Wark’s been in broadcasting for more than 35 years, yet doesn’t think it was any more difficult for women to rise up the ranks in TV in her early days than it is now.
“I rode on the crest of a wave, as I joined the BBC when they needed more women,” she says. “They realised that they hadn’t nearly enough women.”
She doesn’t recall that her ascent into key presenting jobs caused consternation among her male counterparts.
“Weirdly — and I’m not going to say that there isn’t sexism in television — I didn’t have that problem. I’d like to hope that I got where I am because I’m halfway decent at my job, as opposed to a gender thing.
“There are lots of challenges now for women in TV. There are lots of incredibly good broadcasters and I would say you need experience, but you also need fresh talent. There are opportunities for women. Women are being less overlooked than perhaps they once were. Women are able to punch their weight now,” she says.
Wark made her reputation by challenging Margaret Thatcher, in 1990, about the poll tax. Britain’s then prime minister had not wanted to face a woman, but the BBC insisted.
It was one of those defining moments of an interviewer’s career.

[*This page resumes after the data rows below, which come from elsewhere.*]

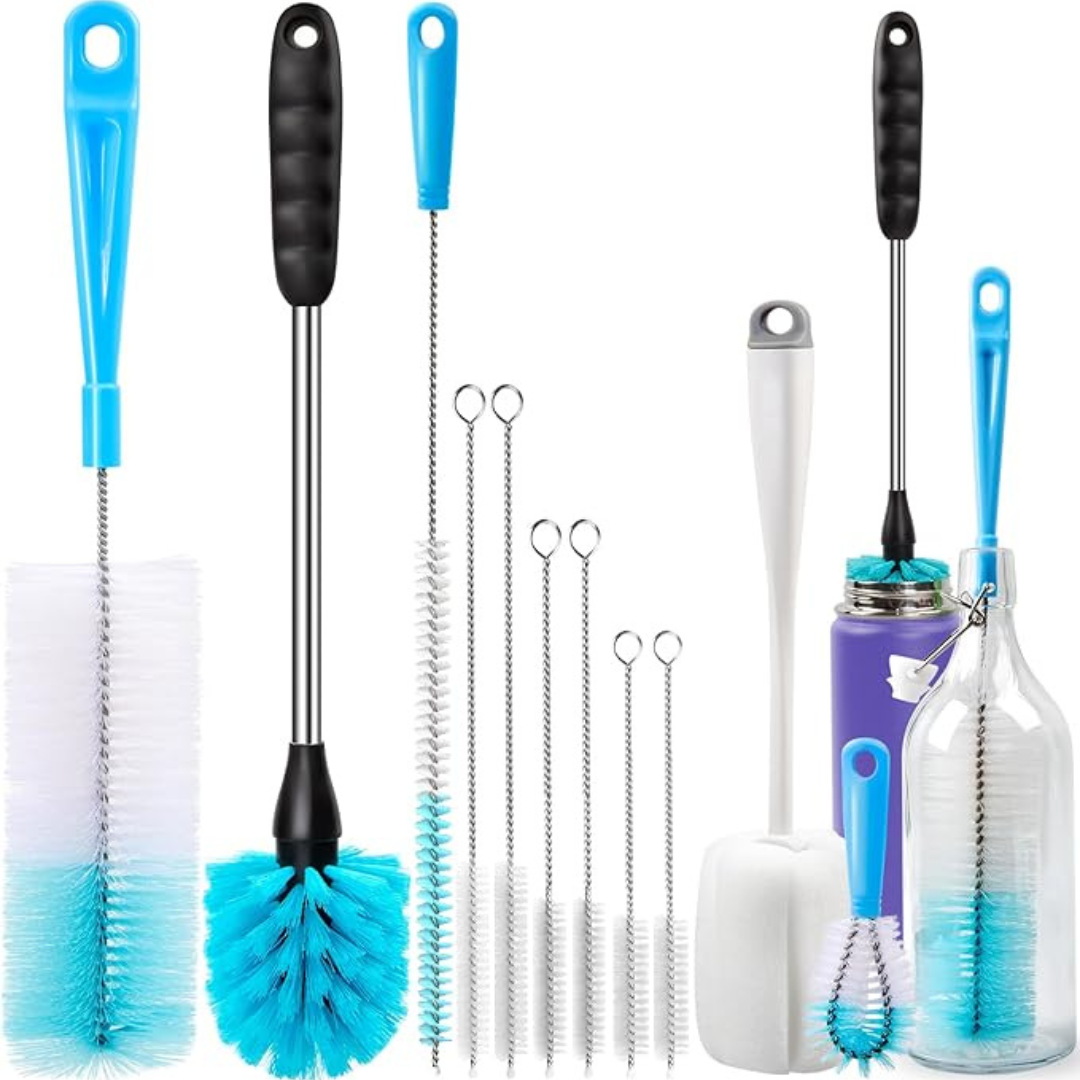 8-Pack Holikme Long Handle Bottle Brush Cleaning Set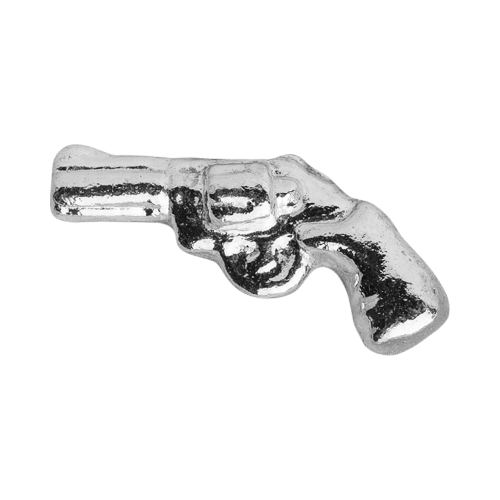 38 g Hand Poured Silver Revolver | Monarch Precious Metals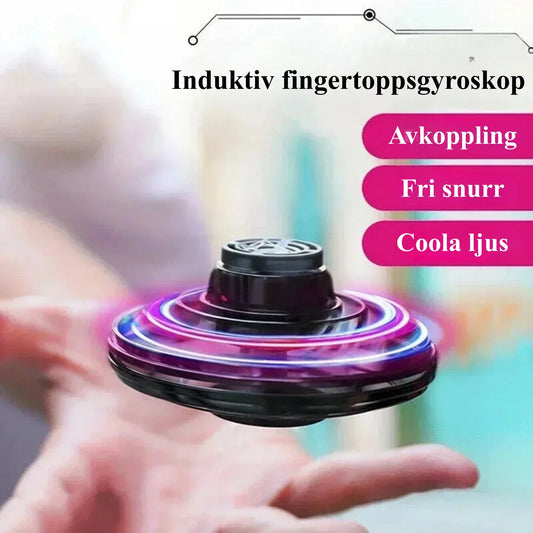 Flygande spinner boll – fingertoppsdrönare med LED-ljus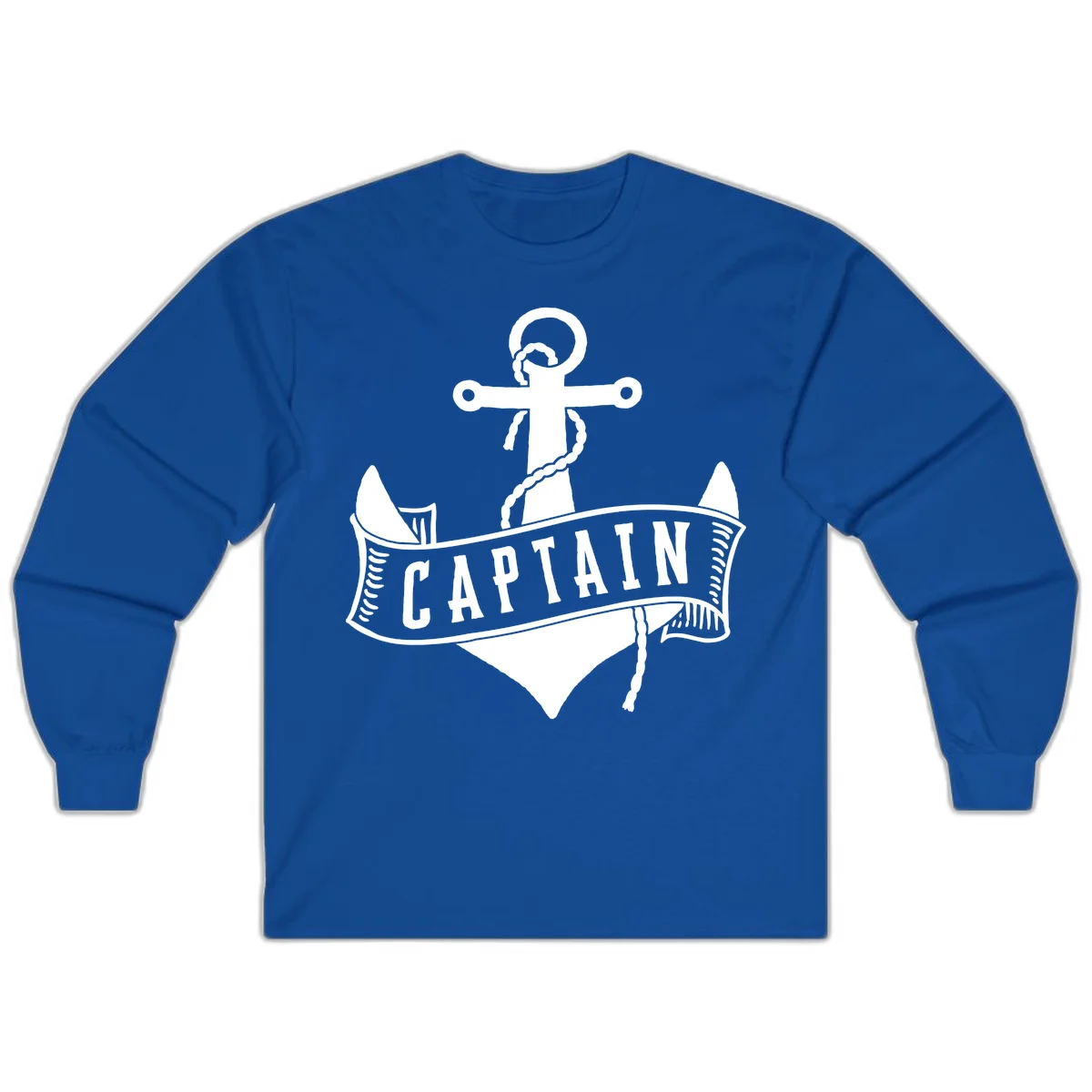 Captain Anchor Nautical Badge Long Sleeve in Royal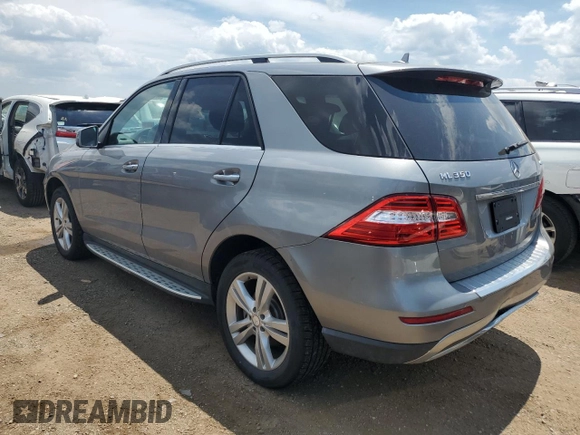 2015 Mercedes-Benz M 350 with VIN 4JGDA5HB3FA612466, listed as a Copart auction lot 63082615 with 74,675 mi miles and Clean title. Bid and sale history available at DreamBid. Image 2.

As she nears 60, Wark shows no signs of slowing down and has recently said that age shouldn’t be a barrier to women in TV.
“If you try to keep to the top of your game, and if you are still doing good work, then age shouldn’t be a barrier. It’s not a barrier for men. Dimbleby’s in his 70s,” she has said.
She’s writing her next novel, set in Scotland and New York, which again has family relationships at its heart.
She says she’s still hugely ambitious, although she questions how that is perceived.
“Ambition is often seen as a great thing in men and a bad thing in women. I want to continue to do good work in television and radio and I really want to write another book,” she says.
“Let’s hope I don’t have to give up one for the other.”